GIVEN RECORDS
------------
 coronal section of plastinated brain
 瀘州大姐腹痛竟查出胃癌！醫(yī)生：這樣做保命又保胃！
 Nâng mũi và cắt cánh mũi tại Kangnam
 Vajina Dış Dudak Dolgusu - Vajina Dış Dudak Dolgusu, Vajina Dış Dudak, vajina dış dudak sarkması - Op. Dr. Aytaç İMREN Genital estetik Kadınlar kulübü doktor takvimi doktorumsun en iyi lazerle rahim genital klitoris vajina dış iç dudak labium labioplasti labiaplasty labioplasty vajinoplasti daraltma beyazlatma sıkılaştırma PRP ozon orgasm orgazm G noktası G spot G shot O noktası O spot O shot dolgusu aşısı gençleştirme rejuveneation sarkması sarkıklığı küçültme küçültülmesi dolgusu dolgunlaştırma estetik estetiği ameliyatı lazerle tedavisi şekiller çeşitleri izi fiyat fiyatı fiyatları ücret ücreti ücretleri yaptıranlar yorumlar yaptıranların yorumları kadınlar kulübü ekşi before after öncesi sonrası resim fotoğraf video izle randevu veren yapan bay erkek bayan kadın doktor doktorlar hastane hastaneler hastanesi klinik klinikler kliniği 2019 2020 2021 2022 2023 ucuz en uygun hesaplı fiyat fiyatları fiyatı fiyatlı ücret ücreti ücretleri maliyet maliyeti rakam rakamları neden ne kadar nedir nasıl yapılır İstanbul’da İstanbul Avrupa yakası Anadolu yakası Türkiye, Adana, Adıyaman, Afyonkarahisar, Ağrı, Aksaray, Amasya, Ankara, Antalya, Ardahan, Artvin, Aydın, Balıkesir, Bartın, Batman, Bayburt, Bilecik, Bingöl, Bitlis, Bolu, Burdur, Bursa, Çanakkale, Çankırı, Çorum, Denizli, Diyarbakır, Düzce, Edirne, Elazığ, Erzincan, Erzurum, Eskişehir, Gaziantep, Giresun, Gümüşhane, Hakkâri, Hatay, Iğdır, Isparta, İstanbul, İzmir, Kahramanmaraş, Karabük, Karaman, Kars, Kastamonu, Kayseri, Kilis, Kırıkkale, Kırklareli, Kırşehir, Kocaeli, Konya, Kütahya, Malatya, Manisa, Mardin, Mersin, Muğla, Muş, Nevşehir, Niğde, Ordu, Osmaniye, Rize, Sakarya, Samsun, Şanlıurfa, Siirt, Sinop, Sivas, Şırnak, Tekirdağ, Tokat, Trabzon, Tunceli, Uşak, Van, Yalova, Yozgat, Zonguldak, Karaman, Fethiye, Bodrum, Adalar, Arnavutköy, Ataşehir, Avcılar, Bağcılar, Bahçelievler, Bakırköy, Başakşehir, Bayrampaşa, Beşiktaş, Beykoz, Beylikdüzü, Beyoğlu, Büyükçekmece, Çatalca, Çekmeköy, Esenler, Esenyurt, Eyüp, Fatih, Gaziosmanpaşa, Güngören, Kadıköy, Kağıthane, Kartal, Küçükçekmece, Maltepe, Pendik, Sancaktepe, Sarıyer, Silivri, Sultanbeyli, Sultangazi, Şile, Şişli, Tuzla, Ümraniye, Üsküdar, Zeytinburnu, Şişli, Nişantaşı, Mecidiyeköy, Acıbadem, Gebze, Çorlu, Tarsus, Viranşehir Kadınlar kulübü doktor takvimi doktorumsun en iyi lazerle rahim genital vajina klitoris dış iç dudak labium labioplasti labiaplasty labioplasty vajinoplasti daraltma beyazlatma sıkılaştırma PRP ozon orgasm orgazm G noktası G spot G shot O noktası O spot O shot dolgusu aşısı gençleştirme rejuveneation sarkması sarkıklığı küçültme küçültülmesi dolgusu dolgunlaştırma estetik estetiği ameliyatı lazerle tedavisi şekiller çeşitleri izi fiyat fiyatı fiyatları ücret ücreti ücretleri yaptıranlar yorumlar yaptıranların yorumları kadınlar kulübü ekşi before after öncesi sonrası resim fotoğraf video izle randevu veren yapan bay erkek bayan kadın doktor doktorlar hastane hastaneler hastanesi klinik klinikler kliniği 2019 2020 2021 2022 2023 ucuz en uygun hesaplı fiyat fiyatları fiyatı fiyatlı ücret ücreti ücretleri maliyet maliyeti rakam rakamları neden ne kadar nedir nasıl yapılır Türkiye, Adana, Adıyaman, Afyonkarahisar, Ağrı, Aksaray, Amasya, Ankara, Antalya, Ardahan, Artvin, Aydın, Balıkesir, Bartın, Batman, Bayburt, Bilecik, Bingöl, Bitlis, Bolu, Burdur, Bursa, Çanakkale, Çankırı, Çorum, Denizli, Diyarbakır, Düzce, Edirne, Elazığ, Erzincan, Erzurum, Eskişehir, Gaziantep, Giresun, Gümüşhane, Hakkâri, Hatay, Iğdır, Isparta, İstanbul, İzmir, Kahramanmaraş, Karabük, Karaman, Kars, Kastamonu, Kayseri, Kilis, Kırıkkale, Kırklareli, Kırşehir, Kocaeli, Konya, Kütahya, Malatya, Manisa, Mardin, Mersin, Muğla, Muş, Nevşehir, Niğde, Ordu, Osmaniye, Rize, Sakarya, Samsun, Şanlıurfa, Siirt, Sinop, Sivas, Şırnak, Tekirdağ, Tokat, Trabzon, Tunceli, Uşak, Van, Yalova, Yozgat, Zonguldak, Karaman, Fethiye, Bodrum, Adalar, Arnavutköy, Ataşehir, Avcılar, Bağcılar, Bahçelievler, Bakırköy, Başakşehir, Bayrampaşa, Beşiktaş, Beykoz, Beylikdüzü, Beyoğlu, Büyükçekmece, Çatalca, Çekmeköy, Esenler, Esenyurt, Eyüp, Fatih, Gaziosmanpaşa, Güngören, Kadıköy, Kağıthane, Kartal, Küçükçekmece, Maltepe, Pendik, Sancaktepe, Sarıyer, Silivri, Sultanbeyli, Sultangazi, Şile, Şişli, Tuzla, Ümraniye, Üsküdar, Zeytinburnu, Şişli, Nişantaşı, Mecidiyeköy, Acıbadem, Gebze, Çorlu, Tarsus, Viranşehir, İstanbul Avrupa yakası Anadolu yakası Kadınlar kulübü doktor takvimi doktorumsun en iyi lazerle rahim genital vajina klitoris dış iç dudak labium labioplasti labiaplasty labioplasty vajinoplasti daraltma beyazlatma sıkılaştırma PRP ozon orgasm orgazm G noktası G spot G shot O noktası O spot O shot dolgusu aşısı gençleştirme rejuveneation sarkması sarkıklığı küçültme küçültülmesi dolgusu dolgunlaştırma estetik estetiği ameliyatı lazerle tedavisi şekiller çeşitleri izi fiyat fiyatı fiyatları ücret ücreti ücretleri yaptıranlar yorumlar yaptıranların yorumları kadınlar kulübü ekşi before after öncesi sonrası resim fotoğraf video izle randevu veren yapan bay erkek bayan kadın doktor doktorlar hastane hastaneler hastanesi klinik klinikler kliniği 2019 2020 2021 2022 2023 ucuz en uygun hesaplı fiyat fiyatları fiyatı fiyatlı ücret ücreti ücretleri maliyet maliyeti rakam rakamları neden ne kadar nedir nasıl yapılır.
------------
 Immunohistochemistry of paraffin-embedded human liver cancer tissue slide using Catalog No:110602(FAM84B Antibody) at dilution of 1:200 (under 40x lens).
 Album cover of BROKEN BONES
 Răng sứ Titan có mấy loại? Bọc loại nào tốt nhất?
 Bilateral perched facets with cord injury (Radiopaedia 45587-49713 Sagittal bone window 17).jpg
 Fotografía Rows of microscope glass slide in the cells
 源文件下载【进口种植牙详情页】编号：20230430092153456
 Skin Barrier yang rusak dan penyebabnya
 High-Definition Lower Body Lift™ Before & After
------------
WHAT YOU ARE ASKED TO DO
One number is the expected answer: the count of lines above that hold the word "slide".

SOLUTION
2